Straight up, I didn’t love this as much as any of the books in the The Broken Earth trilogy.
I think what happened was that I fell in love with the premise of City rather than the actual end product.
That’s not to say that Jemisin didn’t write a great book. I just think the premise oversold the novel.
In my opinion, the plot borrowed too heavily from superhero movies. And I say that as someone who sees every single Marvel movie in theatres opening week.
It felt a bit too generic that every borough gets an origin story and then they all get called together to join a team to fight in an epic battle at the end of the story. And again, I LOVE the Avengers. I guess I was just hoping for something more original because she dreamed up something so incredible for Broken Earth.
Having said that, I thought it was very imaginative how she was able to explore the personality of each borough. And each character was diverse without seeming forced. It’s also genius that she was able to connect the story to contemporary issues and politics.

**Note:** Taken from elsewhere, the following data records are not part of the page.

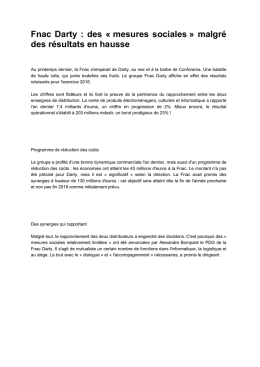 Fnac Darty : des &laquo; mesures sociales &raquo; malgr&eacute; des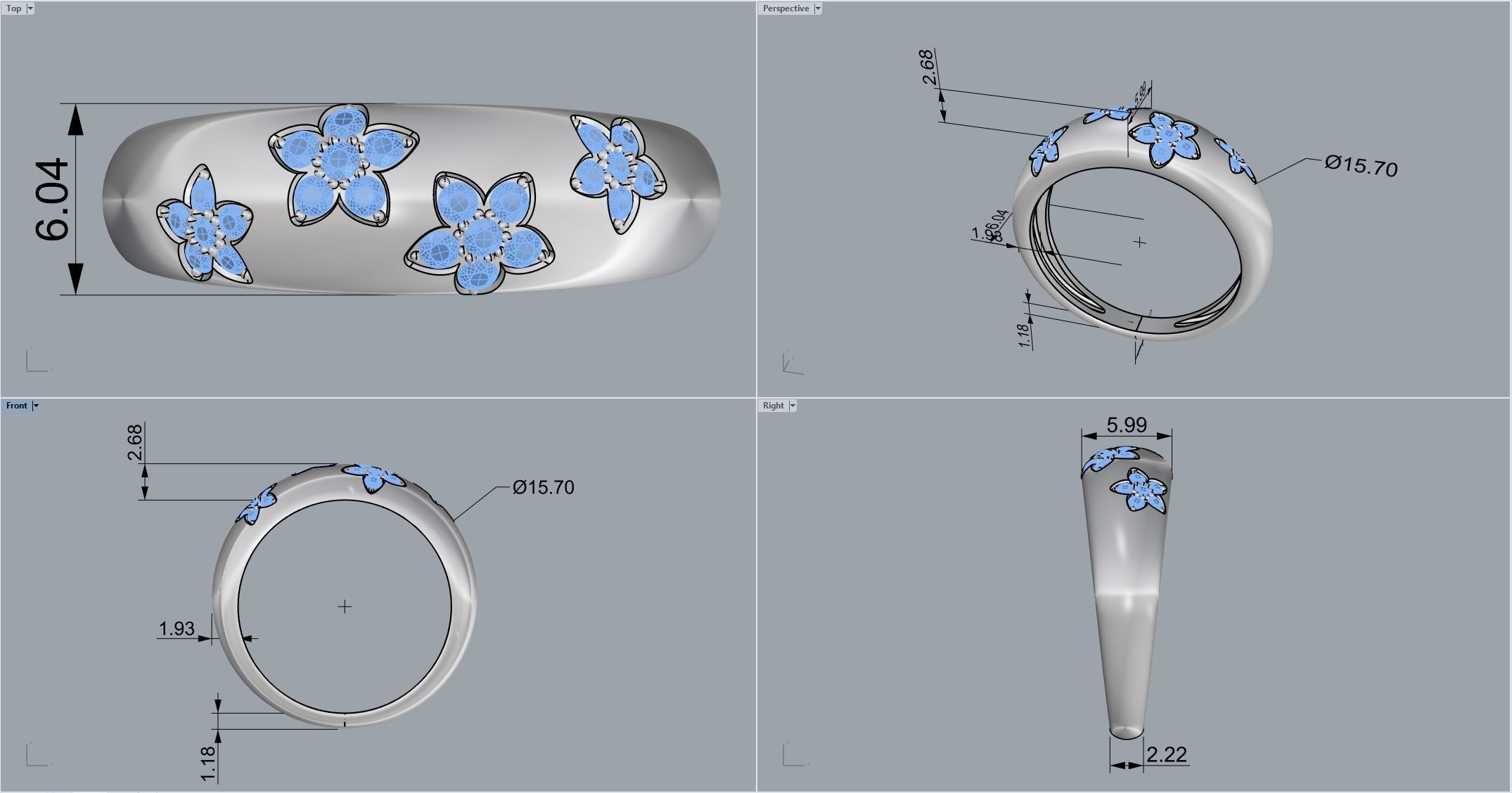 Ring with flower 3D print model_2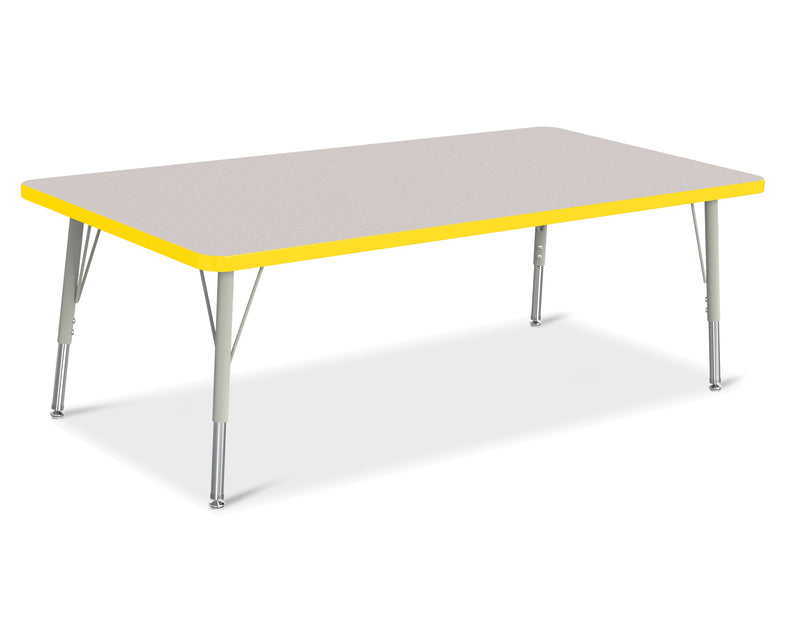 Berries Rectangle Activity Table - 30" X 60", E-height - Gray/Yellow/Gray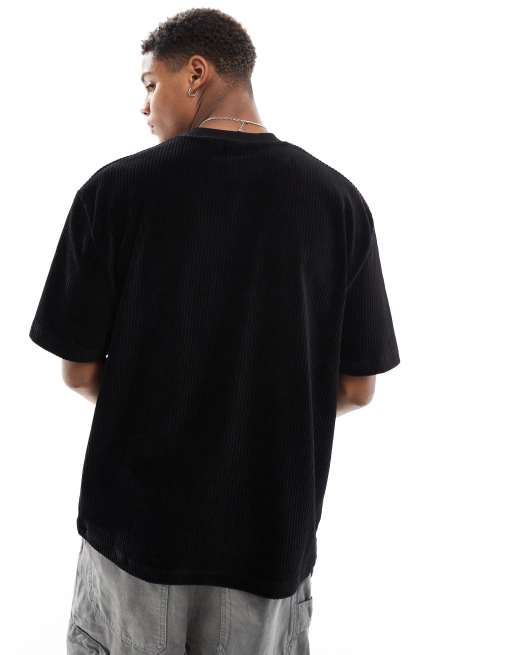 ASOS DESIGN – Svart, ribbad, oversize t-shirt i velour, del av set, 2 av 4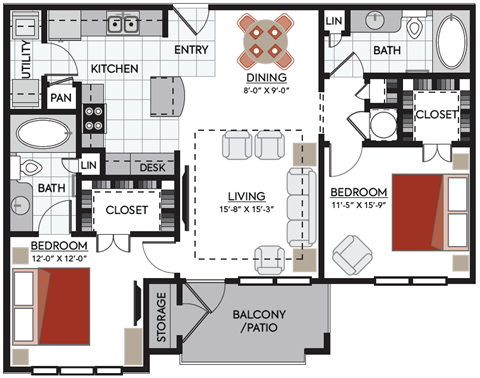 2 bedroom B1 floor plan 2380 Main at Sugarloaf Duluth, GA
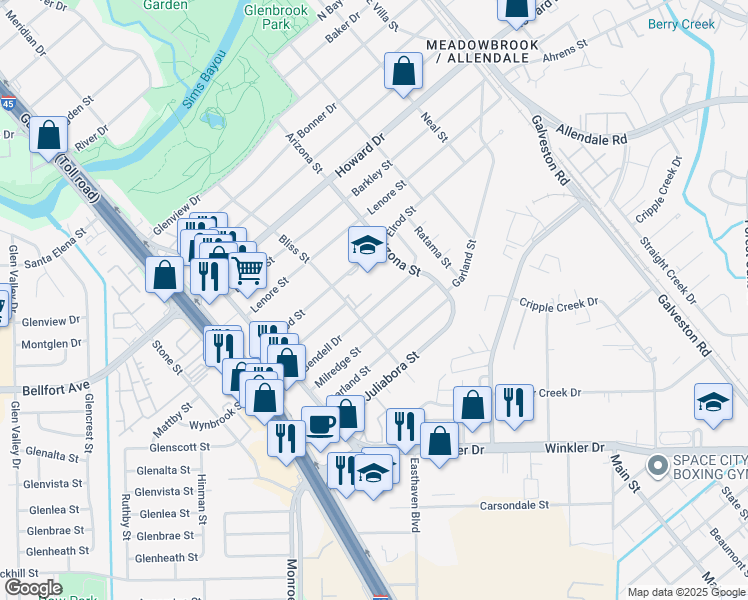 map of restaurants, bars, coffee shops, grocery stores, and more near 8100 Elrod Street in Houston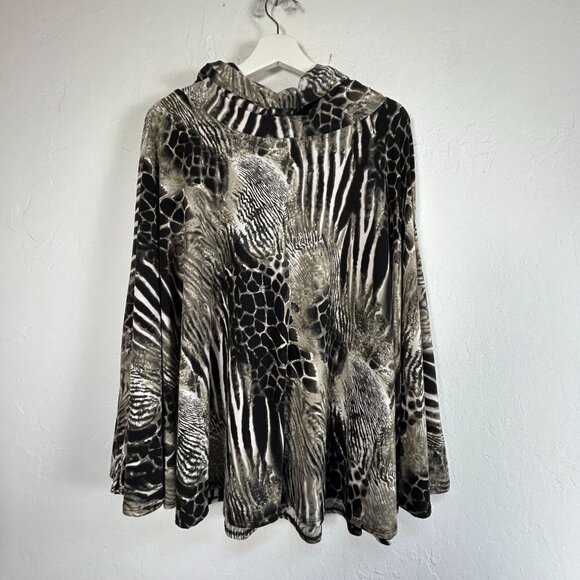 Lapis Womens Animal Print Long Sleeve Cowl Neck Tunic Top Medium Black Stretch - Picture 2 of 7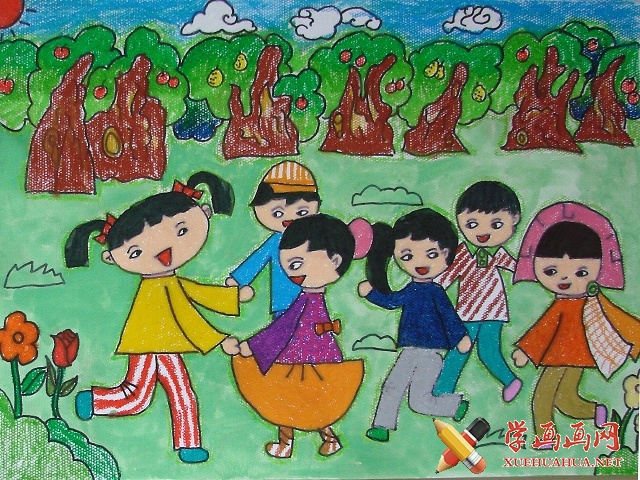 六一儿童节系列儿童画大全【6p】-《老鹰捉小鸡》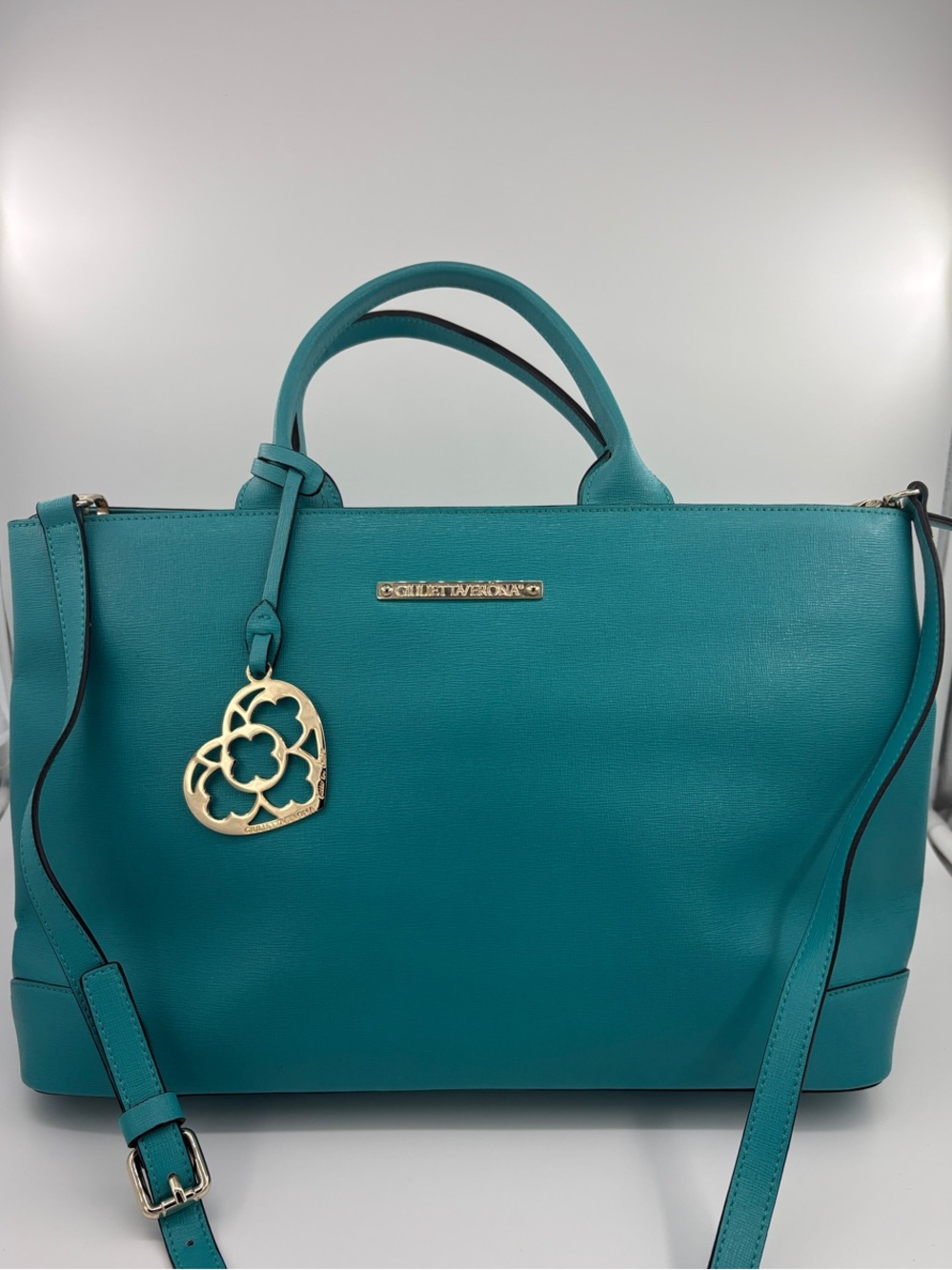 Giulietta Verona Teal Leather Tote with Gold Heart Charm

While I found it easier to read than Broken Earth, I still had trouble following all the POVs and every single one of their inner thoughts.
A lot of the times, it felt like I was just reading a diary entry when I wanted more interaction and dialogue between characters.
But what Jemisin did do was inject so much love of a city into the novel. The way she described New York makes you yearn for the city or brings back fond memories that you have.
Did I love this book? No, but I appreciate what Jemisin was trying to do. And I will be sticking around for the next book!
I’ve read reviews online calling this a love letter to New York. Which, in many ways, it is. But it’s also more than that. It’s a love letter to all cities and the people living in them. It’s a gentle reminder that we’re resilient. We can come together and protect one another in hard times. It just takes some bravery, allies, and commitment.
You might feel like you need to shy away from this book because of the premise and it “hitting too close to home” right now. But I think it’s the exact opposite—this book will inspire you to keep going.